Überstunden - stundengenau – abzurechnen kann umständlich sein. Sie können auch eine Pauschalvergütung vereinbaren. Allerdings müssen solche Vereinbarungen in Formulararbeitsverträgen, die zur mehrfachen Verwendung gedacht sind, einer AGB-Kontrolle standhalten. Die Vereinbarung muss also klar und unmissverständlich formuliert sein und darf Ihren Mitarbeiter nicht unangemessen benachteiligen (§ 307 BGB). Wichtig ist in diesem Zusammenhang, dass die Höhe der Pauschalvergütung so bemessen ist, dass sie über einen längeren Zeitraum betrachtet auch wirklich eine angemessene Gegenleistung für die Überstunden darstellt.
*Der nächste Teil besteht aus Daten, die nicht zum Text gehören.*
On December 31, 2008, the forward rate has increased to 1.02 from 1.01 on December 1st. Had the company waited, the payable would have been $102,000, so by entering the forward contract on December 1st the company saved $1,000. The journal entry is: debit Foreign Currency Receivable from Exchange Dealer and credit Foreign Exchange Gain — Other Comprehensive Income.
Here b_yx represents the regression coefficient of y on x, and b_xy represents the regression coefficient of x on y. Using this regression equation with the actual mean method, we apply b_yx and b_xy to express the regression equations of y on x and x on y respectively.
Außerdem sollte die Vereinbarung eine Höchstgrenze für die davon erfassten Überstunden und die Höhe der Überstundenpauschale (und nicht lediglich ein nicht weiter differenziertes Bruttogehalt) enthalten. Grund: Das ArbG Limburg hat eine Vereinbarung für unwirksam erklärt, nach der sämtliche Überstunden mit einem monatlichen Bruttogrundgehalt in Höhe von 2.300 € abgegolten sein sollten und der Mitarbeiter vertraglich verpflichtet war, diese Überstunden auch zu leisten. Eine solche Vereinbarung sei nicht hinreichend klar und deutlich, weil der Arbeitnehmer daraus nicht entnehmen kann, in welchem Umfang er Arbeitsleistungen für den feststehenden Lohn erbringen muss (ArbG Limburg, 31. 3. 2008, 1 Ca 853/06, ArbuR 2008, 361).
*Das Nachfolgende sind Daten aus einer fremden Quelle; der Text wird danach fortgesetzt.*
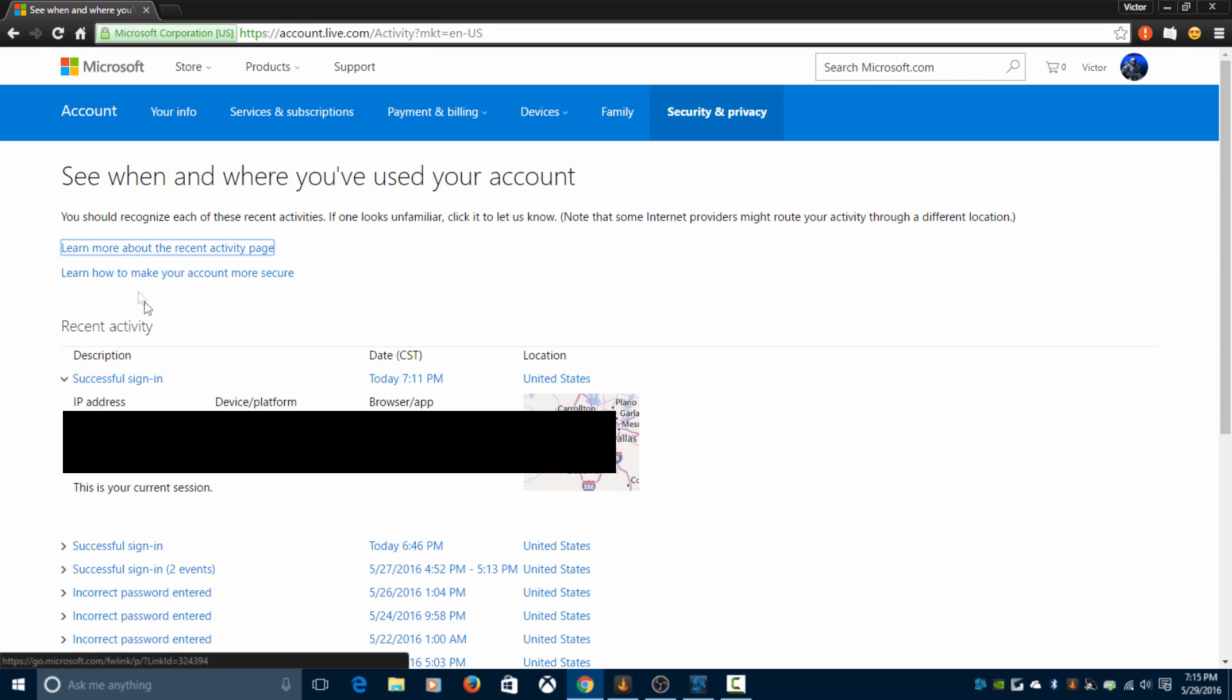It should show your IP address from the device you logged in with, date and time, location, and also your email. I'm not quite sure what it would say when the error appears, but try to remember the date and time of when that happened.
TIPP: Wenn Sie hierbei auf Nummer sicher gehen wollen, sollten z. B. pauschal von der Monatsvergütung abgedeckte Überstunden den Umfang von zehn Prozent der monatlichen Arbeitszeit nicht überschreiten. Wichtig ist in diesem Zusammenhang auch, dass Mehrarbeit, also die Überstunden, die über die gesetzlichen Höchstarbeitsgrenzen hinausgehen, immer extra bezahlt werden müssen. Sie werden von einer Pauschalvereinbarung also grundsätzlich nie erfasst (BAG, 28. 9. 2005, 5 AZR 52/05, NZA 2006, 149).

Mit dieser Mustervereinbarung sind Sie auf der sicheren Seite

Der Arbeitnehmer erhält ein Gehalt von … € brutto/Monat. Zur Abgeltung etwaiger Überstunden erhält er zusätzlich eine monatliche Pauschale von … € brutto. Damit sind bis zu … Überstunden im Monat ausgeglichen. Darüber hinausgehende Überstunden werden gesondert vergütet oder mit Freizeit ausgeglichen.

Achtung, wenn Sie tarifgebunden sind!

Als tarifgebundener Arbeitgeber dürfen Sie vom Tarifvertrag nur zugunsten Ihrer Mitarbeiter abweichen. Eine pauschale Überstundenvergütung muss also mindestens so hoch sein wie die Überstundenvergütung, die Ihrem Mitarbeiter laut Tarifvertrag zusteht. Besteht Ihr Mitarbeiter auf einen Vergleich von Pauschale und tariflich zustehender Vergütung, bleibt Ihnen nichts anderes übrig, als auch den tariflichen Anspruch auszurechnen.

Fazit: Eine pauschale Überstundenvergütung macht hierbei also keinen Sinn, weil Sie weder Zeit noch Geld sparen.